Theater is their other exceptional program.


But there are TOP theater programs that are not so "tear you down" approach. Take Northwestern for example.


What can you do with a degree in theater? Can you make a comfortable living with it? I am talking about it in general term and not some specific cases.
Anonymous
Anonymous wrote:Anyone with a kid transferring out of CMU after one semester? DS is a freshman, CS major at CMU, and he just came home this past weekend. He is seriously considering not coming back for the spring semester. Classes at CMU are too hard for him and the competition is so fierce. He spent at least 80 hours a week just studying and tried to keep up with academics. His older brother graduated from CMU in 2019 and advised him to transfer out of CMU. Thoughts?


Looking at the curriculum - I wouldn't tell anyone to stay with that degree program unless they were really, really into programming as in the level of wanting to write machine code and really wants to work into the finite details. Now If the person just wants to code for applications and web sites, I would tell them to just major in whatever they want and learn programming on the side and then start doing it as a side hustle.
Anonymous
Anonymous wrote:Anyone with a kid transferring out of CMU after one semester? DS is a freshman, CS major at CMU, and he just came home this past weekend. He is seriously considering not coming back for the spring semester. Classes at CMU are too hard for him and the competition is so fierce. He spent at least 80 hours a week just studying and tried to keep up with academics. His older brother graduated from CMU in 2019 and advised him to transfer out of CMU. Thoughts?
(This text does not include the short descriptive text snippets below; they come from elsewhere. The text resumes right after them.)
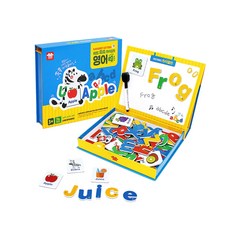 글자퍼즐 자석놀이 자석교구 영어자석 매칭퍼즐 영어, 1개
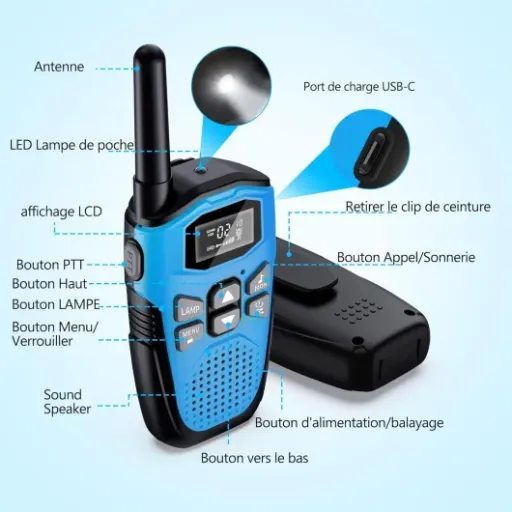 Test NXGKET Talkie Walkie 5KM : le jouet/camping qui fait le job sans prise de tête
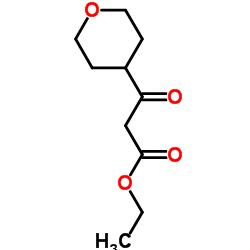 3-氧代-3-(四氢-吡喃-4-基)-丙酸乙基酯结构式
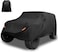 X AUTOHAUX Car Cover for Jeep Wrangler JK JL YJ TJ 4 Door 2007-2023 Outdoor Waterproof Sun Rain Dust Wind Snow Protection w/Driver Door Zipper Black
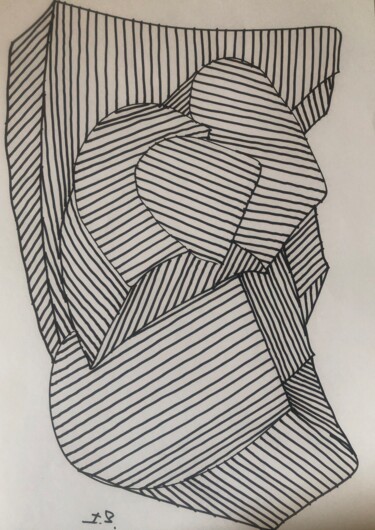 Drawing titled "Signum 17" by Sever, Original Artwork, Marker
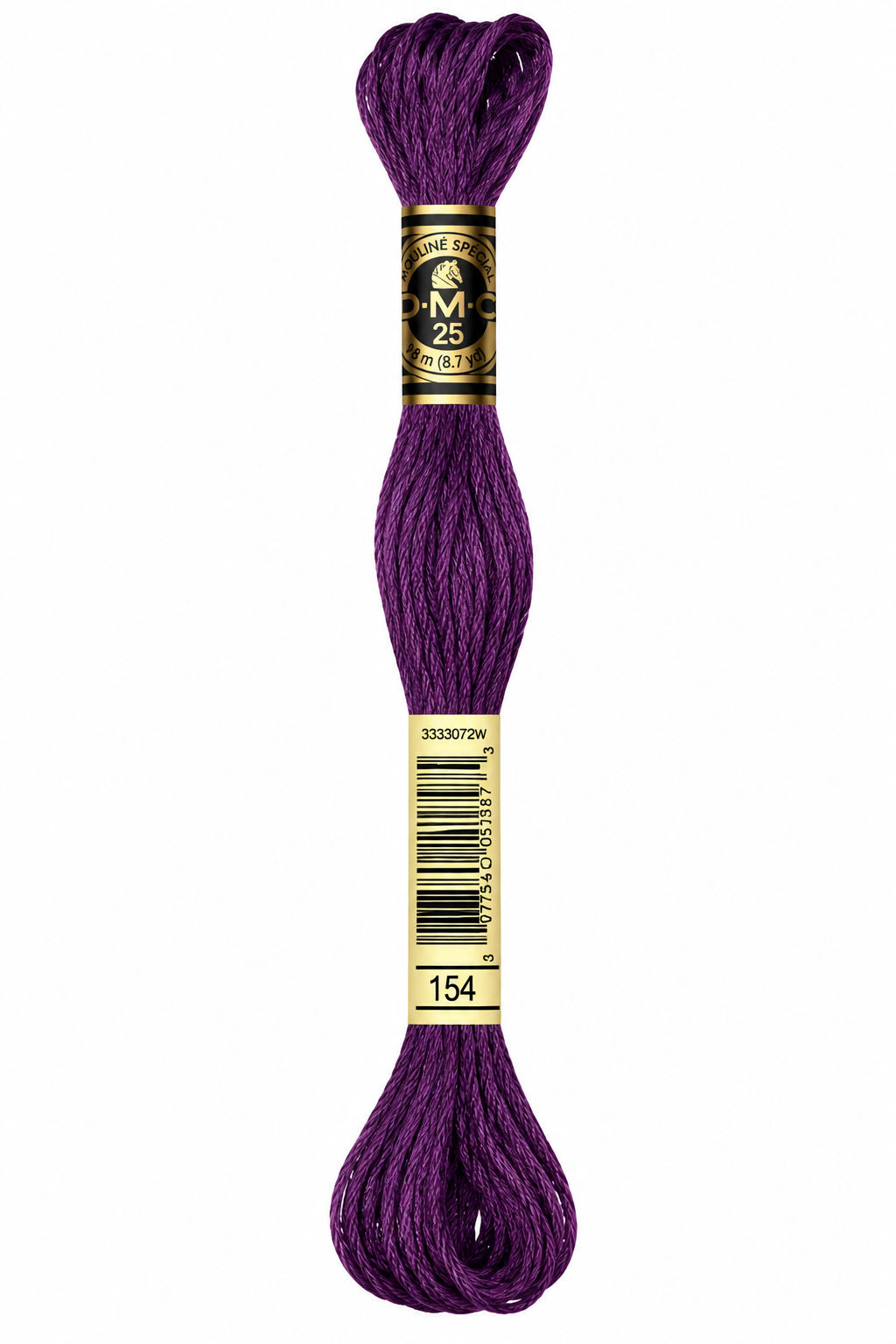 Hilo Dmc Mouliné 154 Especial morado ciruela oscuro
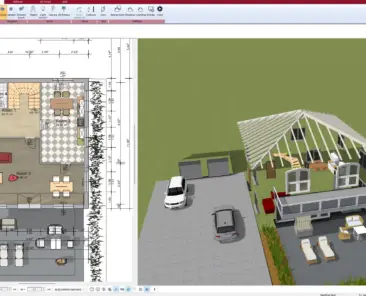 Timber frame wall layout created with Plan7Architect – including stud spacing and insulation layers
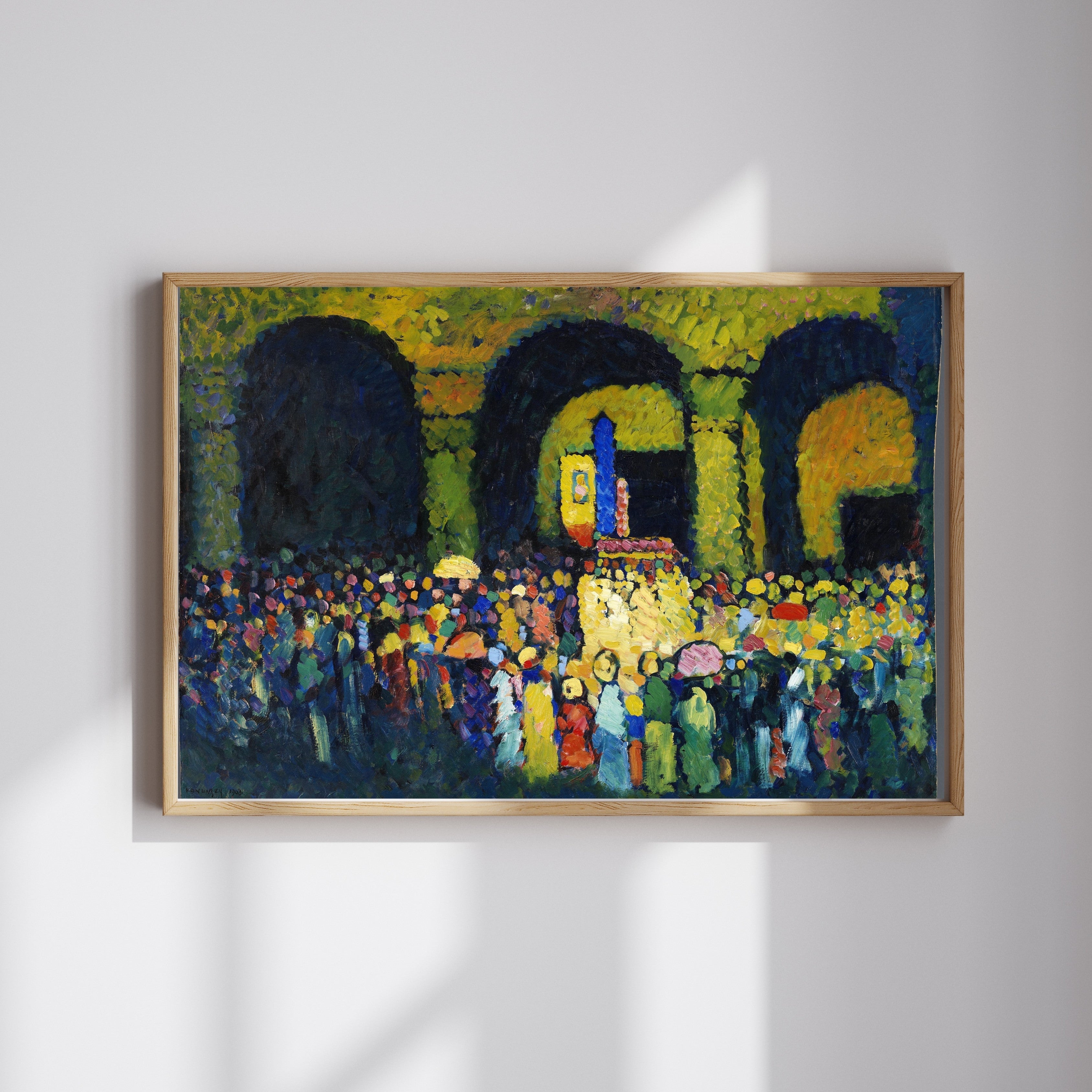 Wassily Kandinsky - Münih’Teki Ludwigskirche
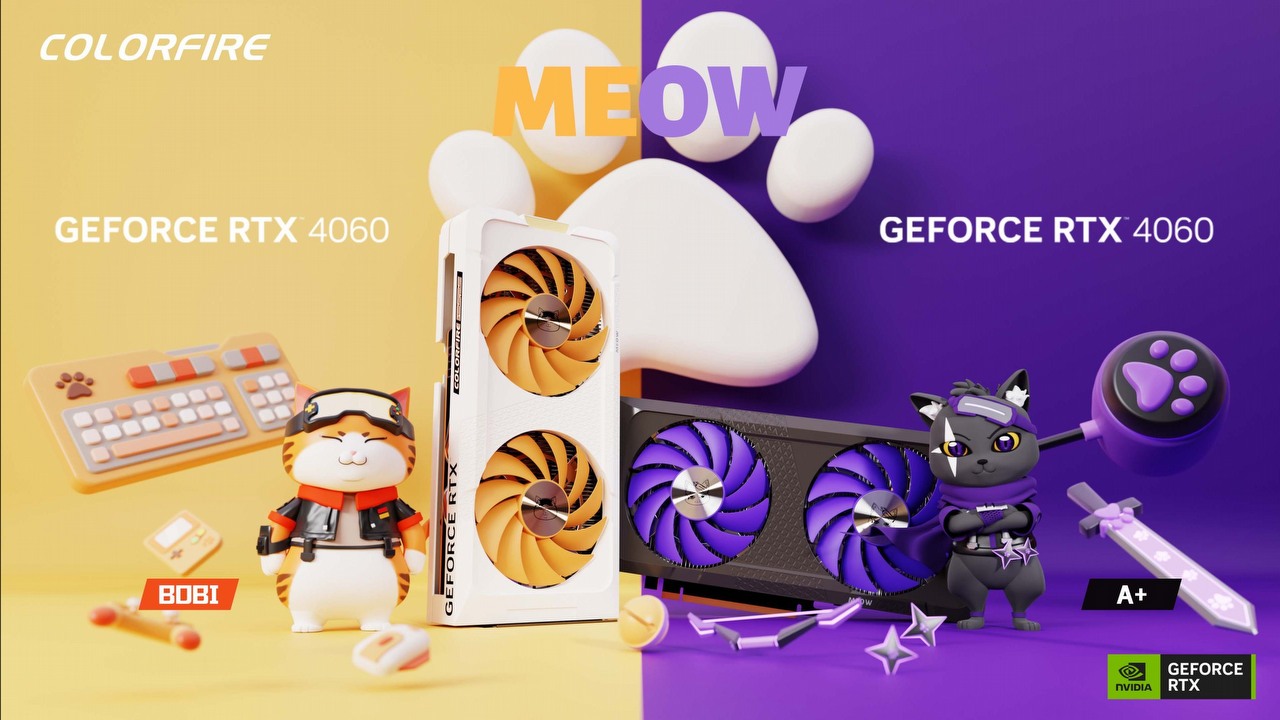 Fani kotów w końcu będą mogli zbudować sensowny PC, Colorful wprowadza całą linię kociego sprzętu, źródło grafiki: Colorful.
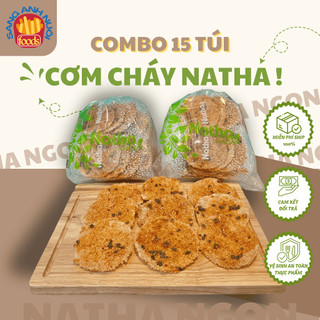 Cơm Cháy Mắm Hành Natha | Combo 10/15 Gói | Giòn Rụm – Mắm Thơm Vừa Vị – Ăn Là Ghiền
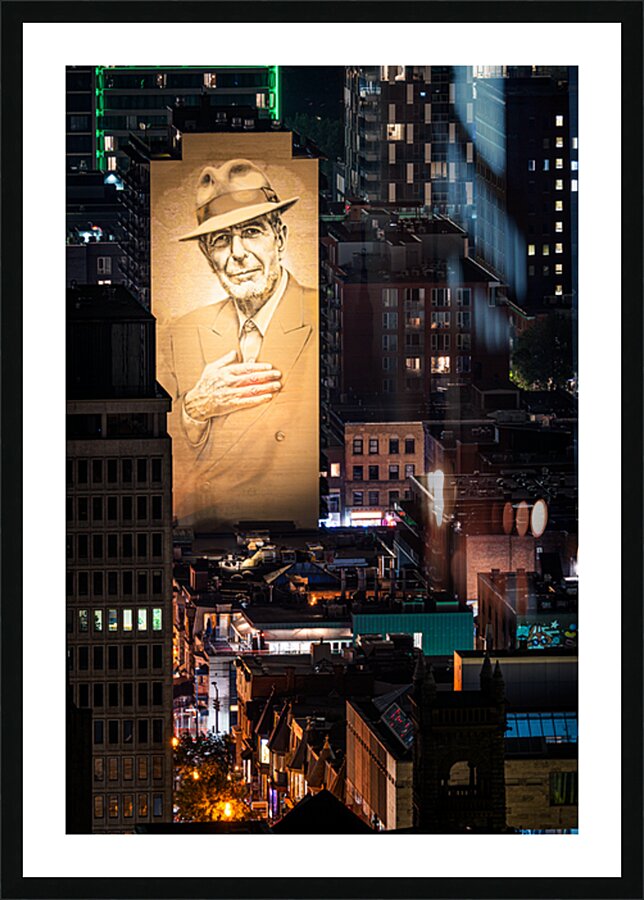 Leonard Cohen Picture Frame print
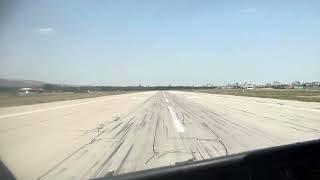 iranair Fokker F100 taxi and takeoff from runway 13L of mashhad airport of iranOIMMMHD [upl. by Manlove]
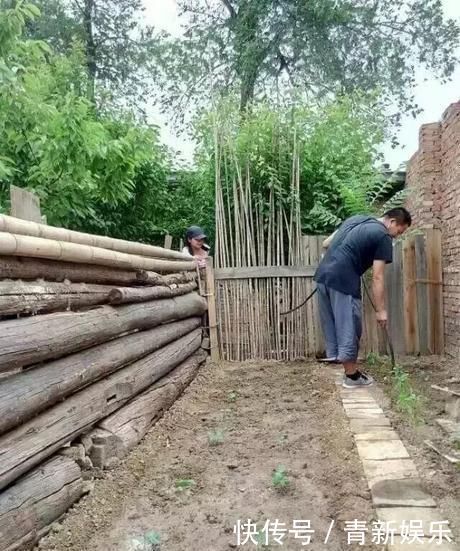 桃花源|20多岁的年龄差距,却把一个破烂的农家小院变成了“桃花源”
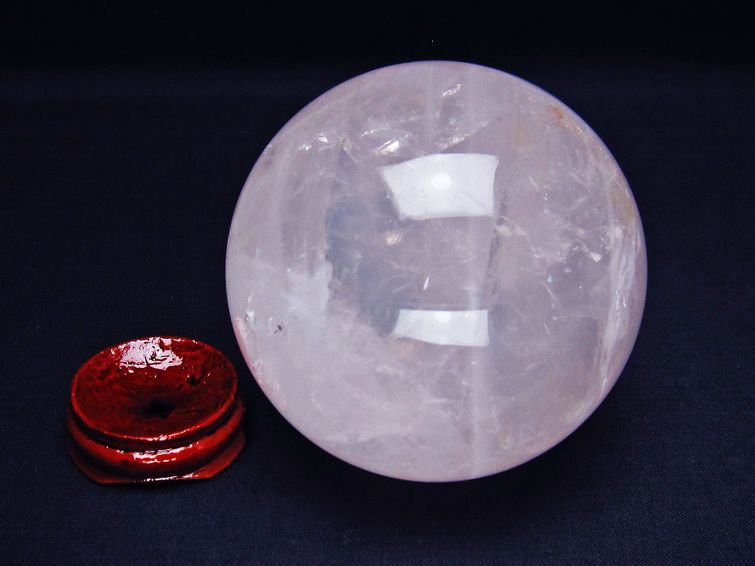 ミルキークォーツ 丸玉 75mm ピンク 一点物 151-5954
Why didn't the older brother advise him against applying from the start? Seems like some missing information.
Anonymous
Np- Please let your kid transfer. Their mental health is most important. My oldest was admitted to CMU and decided to attend UMD. When he went to admitted student day he thought the school was not fun and the people looked stressed. Also, pittsburgh is a great city but very gray in the winter.

Myt son loved and graduated from UMD (with honors), got an internship from on campus recruiting that turned into a job offer and is supporting himself.
Anonymous
Anonymous wrote:Let him! He’s telling you what he needs.


This! A million times this. Help him figure out his options.
Anonymous
Malcolm Gladwell write about a similar situation in one of his books (maybe David and Goliath?). He told the story of a college student who had been at the top of her class in HS and struggled at Brown. She went from being at the top of her class to the bottom. She transferred to her state university and thrived.

Let your son transfer asap.
Anonymous
Anonymous wrote:Malcolm Gladwell write about a similar situation in one of his books (maybe David and Goliath?). He told the story of a college student who had been at the top of her class in HS and struggled at Brown. She went from being at the top of her class to the bottom. She transferred to her state university and thrived.

Let your son transfer asap.


Can’t you just go grade optional at brown and take easy classes if you want?